Hardhat is the core tool we will be using today and a must-have if you need to develop and debug your smart contract locally before deploying it on the test net and then on the main net.

What is Hardhat?

Hardhat is a development environment to compile, deploy, test, and debug your Ethereum software. It helps developers manage and automate the recurring tasks that are inherent to the process of building smart contracts and dApps, as well as easily introducing more functionality around this workflow. This means compiling, running, and testing smart contracts at the very core.

Why use hardhat?

• You can run Solidity locally to deploy, run, test, and debug your contracts without dealing with live environments.
• You get Solidity stack traces, console.log, and explicit error messages when transactions fail. Yeah, you heard it right, console.log in your Solidity contract!
• Tons of plugins to add cool functionalities and allows you to integrate your existing tools. We will use a couple of them to feel that magic!
• Full native support for TypeScript.

Useful links to learn more

• Official website
• Plugins
• Documentation
• Tutorial
• GitHub Repository
• Discord Community

Create your first Hardhat project

It’s time to open your Terminal, your Visual Studio code IDE, and start building!

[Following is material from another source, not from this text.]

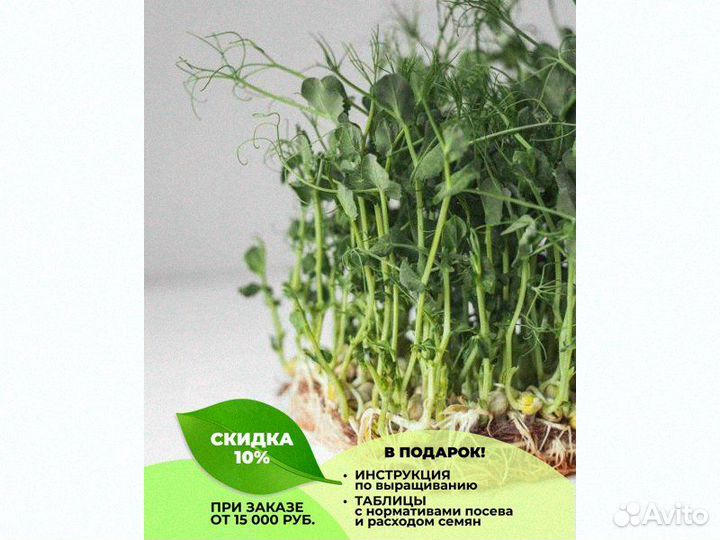 Семена весовые микрозелень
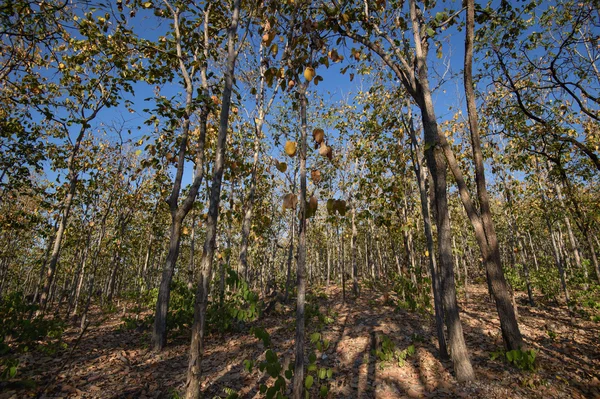 Yaprak döken dipterocarp forest, Kuru sezon Tayland doğal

What project are we going to build?

In this tutorial, we are going to build an “easy” smart contract. It will be pretty stupid but our main goal here is to configure hardhat and deploy the contract, not for the contract purpose.

What will the contract do?

• Track the “purpose” of the contract in a string that will be publicly visible
• You can change the purpose only if you pay more than the previous owner
• You cannot change the purpose if you are already the owner
• You can withdraw your ETH only if you are not the current purpose’s owner
• Emit a PurposeChange event when the purpose has changed

Create the project, init it and configure Hardhat

Open your terminal and let’s go. We will call our project world-purpose!

mkdir world-purpose  
cd world-purpose  
npm init -y  
yarn add --dev hardhat  
npx hardhat

With npx hardhat the hardhat wizard will kickstart helping you configure your project.

• Choose Create a basic sample project
• Choose the default Hardhat project root because in this tutorial we are only configuring hardhat.
• Confirm to add the .gitignore
• Confirm to install the sample project's dependecies with yarn this will install some required dependencies for your project that we will use along the way

Now your project structure should have these files/folder

• contracts where all your contracts will be stored
• scripts where all your scripts/tasks will be stored
• test where your smart contract tests will be stored
• hardhat.config.js where you will configure your hardhat project

Important hardhat commands and concepts you should master

• Hardhat Configuration file
• Hardhat Tasks
• npx hardhat node — Run the node task to start a JSON-RPC server on top of Hardhat Network (your local ethereum blockchain)
• npx hardhat test — To run tests stored in the test folder
• npx hardhat compile — To compile the entire project, building your smart contracts
• npx hardhat clean — To clean the cache and delete compiled smart contracts
• npx hardhat run —-network <network> script/path — To run a specific script in a specific network

Add TypeScript Support

As we said Hardhat supports typescript natively and we will be using it. Using javascript or typescript doesn’t change much but this is my personal preference because I think that it allows you to make fewer errors and understand better how to use external libraries.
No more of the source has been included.